Interestingly, City of San Mateo started the process a couple of years ago to implement, on a street by street basis in the North Central neighborhood, a street parking permit per residence - based on the number of registered drivers in each unit. However, the City hasn't even been towing vehicles on our streets that are clearly abandoned, never move when required for street cleaning, have expired tags of more than two years out of date (so tickets are worthless). The City pays a private company whose enforcement employee says "I know" but does nothing and refers complaints to City staff, without any specific person or department's name for neighbors to contact.


Always difficult in transiting from an old way to the new way of life

Most of San Mateo...the Peninsula...the county...the state...the country was architected in the 20th Century.

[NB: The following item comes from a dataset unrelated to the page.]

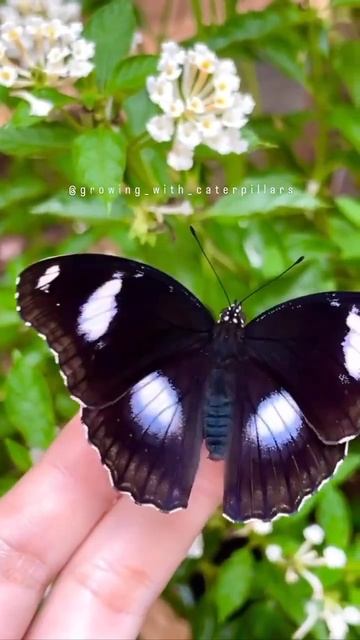 ผีเสื้อปีกไข่ใหญ่ ✨🦋Great Egg-fly butterfly🦋 #butterflies #butterflyshorts смотреть онлайн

Mainly cast in our ordinances and are LOS based...'Level Of Service' for automotive...and in the early decades of the 21st Century...casting in concrete for the young folks future

The lifestyle is different for the young (both chronologically and of mind), which has a higher value of pedestrian/bicycle/public transit orientation...along with automotive

Not easy to unwind a century of design that is cast in concrete and not just here in San Mateo, but the whole SF BayArea. Where automotive is everything. From commuting from volumes of affordable housing in bedroom communities way over there on the East Bay to where the jobs are...here on the West Bay...Peninsula

Almost a chicken or egg situation...if there were more bicycle lanes, would there be more bicycling to work?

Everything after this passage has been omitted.